B: I'm also considering the 2011 Wilier Izoard/Rival from Competitive for $2k for my first serious road bike.

C: LAST years FP2/Rival from Castle Hill Cycles for $2300 (not familiar w/ this company)

Were there any real changes from last year or is there anything I should be aware of with that model/year? Is there anything I should be aware of when not buying the current year?

BESIDES FIT - why would you buy one over the other?

I've been searching the forums and can't determine the specific differences, so I'm hoping I could hear some opinions of the differences or reasons why you like one over the other. (I haven't developed a strong bias to "double tap" SRAM vs Shimano but I lean towards SRAM)

thank you for your input!


----------



## rcjunkie3000 (Sep 5, 2009)

2011 izoard xp vs 2010 izoard. New izoard xp has an aluminum steerer tube and different carbon layup. Its is slightly heavier.


----------



## CoastRider_Oz (Jan 26, 2011)

For a first bike, there is no other real reason other than fit to buy a bike. Especially if you're looking at bike at the same pricing—in your case $2-3K. The components all work equally as good as each other (SRAM v Shimano especially). Colour, that MAY be a reason to make a choice one way or another. 

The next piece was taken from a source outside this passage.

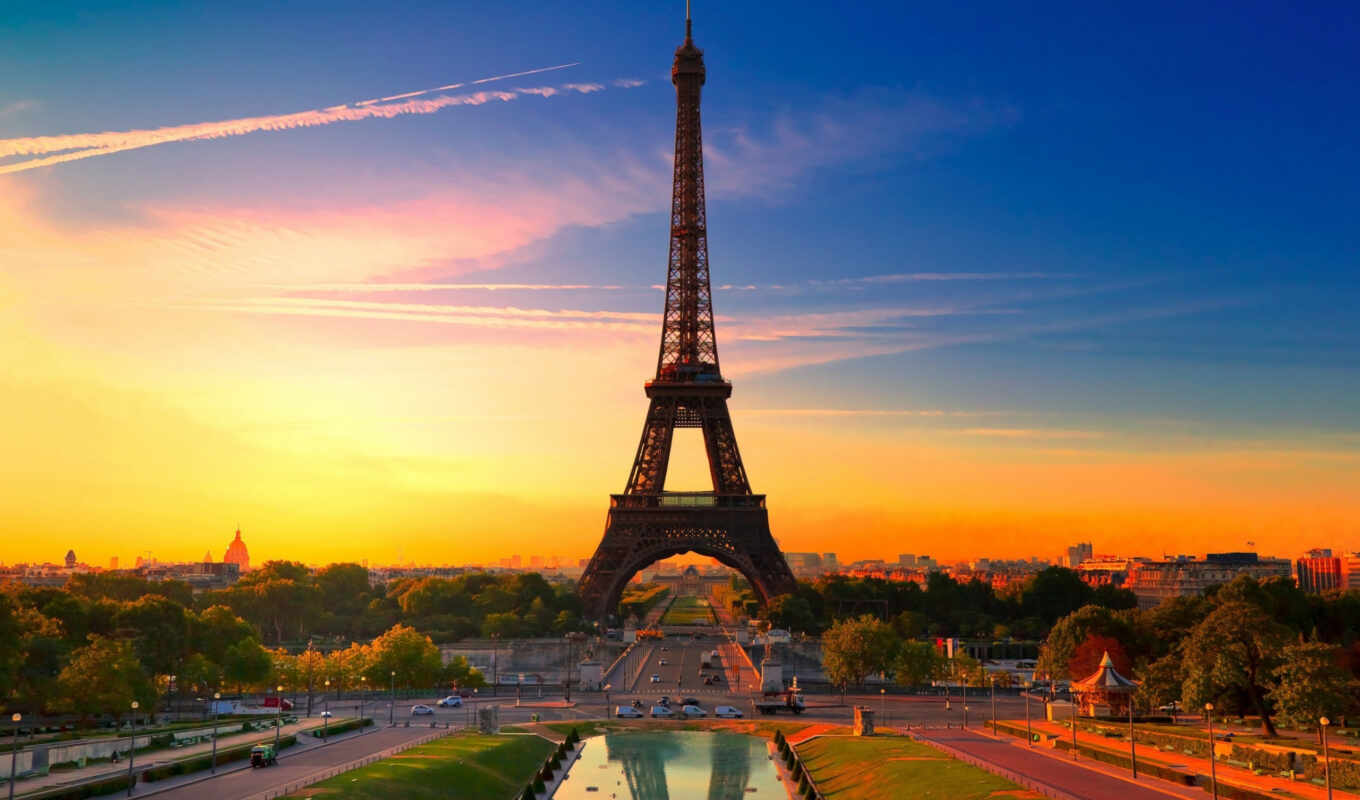 sunset, France, Eiffel, tower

But really, GOOD FIT is what's going to make riding either brilliant or completely painful...


----------



## Bigalerickson (Jun 14, 2011)

*What did you get?*

That is so funny because I was looking at very similar models, a 2011 pinarello that a dealer got stuck with, or a 2010 ultregra izoard. Would love to hear what you picked and why?

I absolutely fell in love with the wilier when I got on it, and really was into pinarello's looks. I am going back tomorrow to ride the pinarello. I'll keep ya posted.

Best, Alex


----------



## tarius (May 26, 2011)

Bigalerickson said:


> That is so funny because I was looking at very similar models, a 2011 pinarello that a dealer got stuck with, or a 2010 ultregra izoard. Would love to hear what you picked and why?
> 
> I absolutely fell in love with the wilier when I got on it, and really was into pinarello's looks. I am going back tomorrow to ride the pinarello. I'll keep ya posted.
> 
> Best, Alex


How did you test rides go? What did you decide or feel are the differences?


----------



## Mr. Versatile (Nov 24, 2005)

I don't have a clue which one I'd buy. I haven't seen them nor have I ridden them. Can't make any kind of an intelligent decision without doing both.


----------



## Bigno (Mar 24, 2011)

Bigalerickson said:


> That is so funny because I was looking at very similar models, a 2011 pinarello that a dealer got stuck with, or a 2010 ultregra izoard. Would love to hear what you picked and why?
> 
> I absolutely fell in love with the wilier when I got on it, and really was into pinarello's looks. I am going back tomorrow to ride the pinarello. I'll keep ya posted.
> 
> Best, Alex



look like Alex rode the Pinarello and never come back to post anymore. Too good that he has no time to post.


----------



## Mr. Versatile (Nov 24, 2005)

Bigno said:


> look like Alex rode the Pinarello and never come back to post anymore. Too good that he has no time to post.


:lol: LOL! :lol:


----------